Tracy Rothschild Lynch writes CNF and poetry and currently divides her time between Virginia and London. Tracy’s work has been published in Janus Literary Journal, HerStry, and Brain,Child, among others. Her piece, ‘Maternal Ebb, Flow’, can be found in EPOCH Issue 03: Roots, available to purchase here.
Why do you write CNF, and do you explore other genres in your work?
I fell in love with Creative Nonfiction back in graduate school. I enrolled at the age of 33 (with two toddler daughters at home), and intended to get my degree in Composition and Rhetoric. Although I’d been writing poetry for pleasure and working in literary fields since I was 22 or so, “official” creative writing was the furthest thing from my mind. However, when I took my first CNF workshop, I fell in love with the works we read and the work we shared. I promptly took a second class, and then switched my focus to CNF, and the rest is history. A few years ago I earned my MFA in Creative Writing and discovered that the process of learning was even more energizing than the products.

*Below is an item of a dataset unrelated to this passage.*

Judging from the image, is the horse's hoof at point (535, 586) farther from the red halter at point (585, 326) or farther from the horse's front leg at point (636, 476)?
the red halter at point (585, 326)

There’s something about the beauty of a true story, about playing with the form and function and purpose of words, that mesmerizes me—and also challenges me. You know, on earth we’re all connected by the stories we tell and the experiences we share; finding the most innovative, rich, relatable ways to create these true stories on paper (or screen) is what drives me. My side gig of personal poetry writing has always been an outlet for me, almost a way to explore what’s percolating before it officially brews in my CNF pieces. So yes, I try to incorporate poetic form and style in my CNF however I can. Sometimes it kinda sorta actually all comes together.
Did you have a piece already written when you learned about Epoch’s theme, or did you write a new piece? If so, how did you approach the theme of Roots in the creation of your work?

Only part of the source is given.